Continuation of Examinations for Discovery
[35] There is no evidence from the defendants as to why they were or remain unable to conduct the continuation of the examination for discovery of Mr. Paleshnuik in time to proceed with the trial on February 28, 2022. For example, there is no evidence from the defendants addressing the following matters:
- Whether the defendants intend to conduct further examination for discovery of only Mr. Paleshnuik or of both plaintiffs;
- A general description of the subject matters to be addressed on the proposed continuation of the examination(s) for discovery;
- The number of hours the defendants anticipate they require to continue the examination(s) for discovery;
- What steps, if any, were taken by the defendants subsequent to the receipt of the documents in November 2021, to schedule the continuation of the examination(s) for discovery on a date in the three-month period between the receipt of the documents and February 28, 2022; and
- What scheduling conflicts, if any, prevented the continuation of the examination(s) for discovery of one or both of the plaintiffs from being booked for a date sufficiently far in advance of February 28, 2022 to permit the defendants to proceed to trial on that date.

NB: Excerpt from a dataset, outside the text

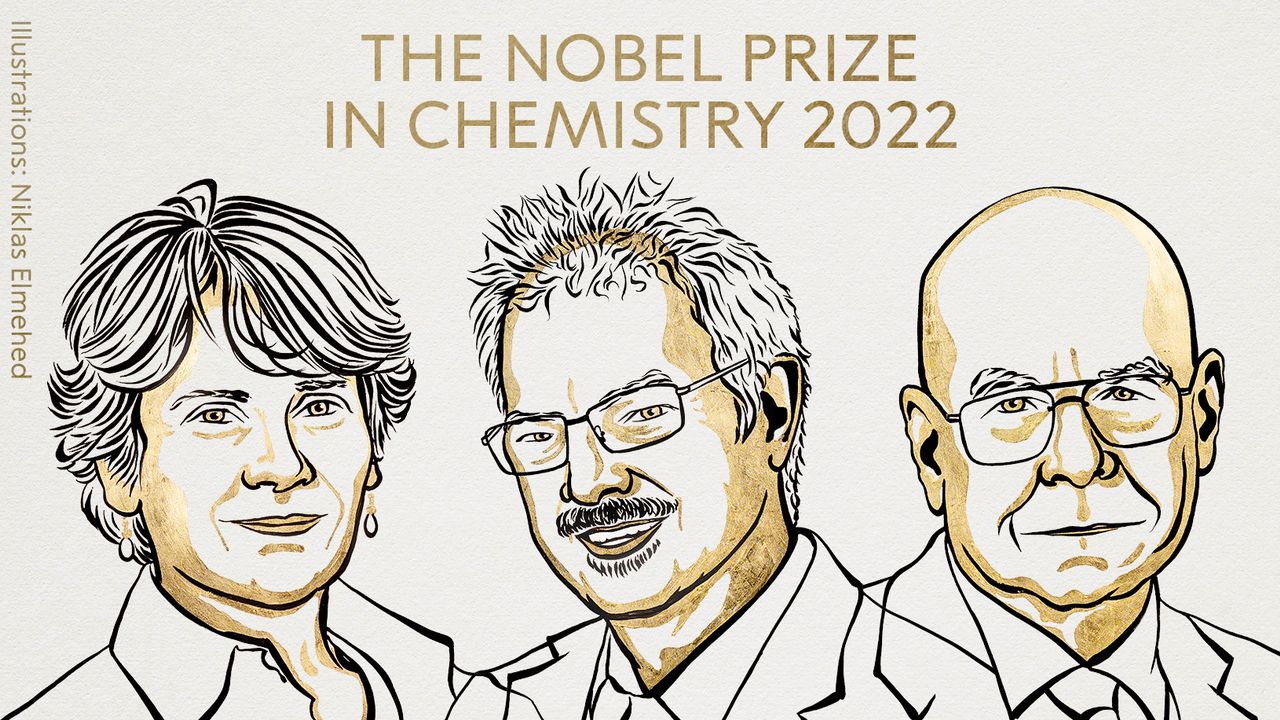 Le prix Nobel de chimie 2022 récompense un trio pour une science simple et efficace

[36] With respect to the second bullet point above, there is minimal evidence as to which of the documents produced in November 2021 give rise to the defendants’ request to continue the examination(s) for discovery. At paragraph 25 of his affidavit, Mr. Paleshnuik says that only 124 of the 450 documents produced in November 2021 had not previously been produced. He describes 68 of the new documents as photographs and the 56 other new documents as “largely drawings, updated quotations, estimates, invoices, and receipts.” Mr. Paleshnuik’s evidence is that the photographs were taken by him to provide evidence of the condition of the house over time.

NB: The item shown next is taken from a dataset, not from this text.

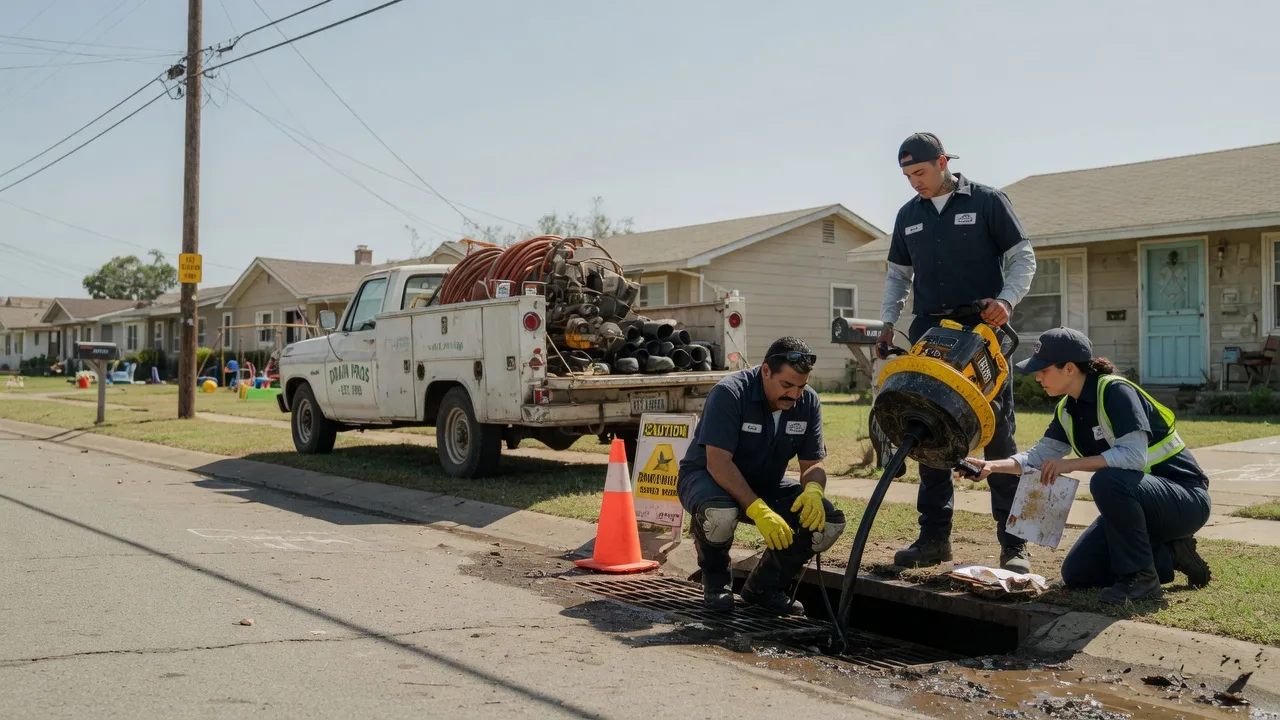 Drain Cleaning in La Grange, AR near me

[37] Mr. Paleshnuik’s evidence is that of the ‘new’ documents produced in November 2021, 15 are quotations/estimates and 12 are invoices/receipts. How significant are those documents in the context of the $500,000 claimed for expenses incurred to remedy the defects? Do those documents relate to expenses incurred for which other documents have already been produced? Do those documents relate to expenses not previously identified? What is the monetary amount associated with expenses identified for the first time in the documents produced in November 2021?
[38] There is no evidence as to the amount of time which the examinations for discovery of the plaintiffs have consumed to date. Based on the seven-hour limit prescribed in r. 31.05.1, do the defendants require leave to continue the examinations for discovery of one or both of the plaintiffs?
[39] I am unable to conclude that the production of documents in November 2021 is such that the defendants are entitled to continue the examination for discovery of one or both of the plaintiffs, do not require leave to continue the examination(s), and are, without the benefit of an adjournment, unable to complete any further examination(s) for discovery in preparation for trial commencing on February 28, 2022.
Expert Reports
[40] There is no evidence from the defendants to assist the court in determining why they require an adjournment so as to obtain expert reports. For example, the evidence does not address the following matters:
- Whether, prior to December 2021, the defendants had retained any experts who have the requisite expertise to respond to the reports produced by the plaintiffs at that time;
- If experts had not previously been retained by or on behalf of the defendants, what efforts were made to retain experts?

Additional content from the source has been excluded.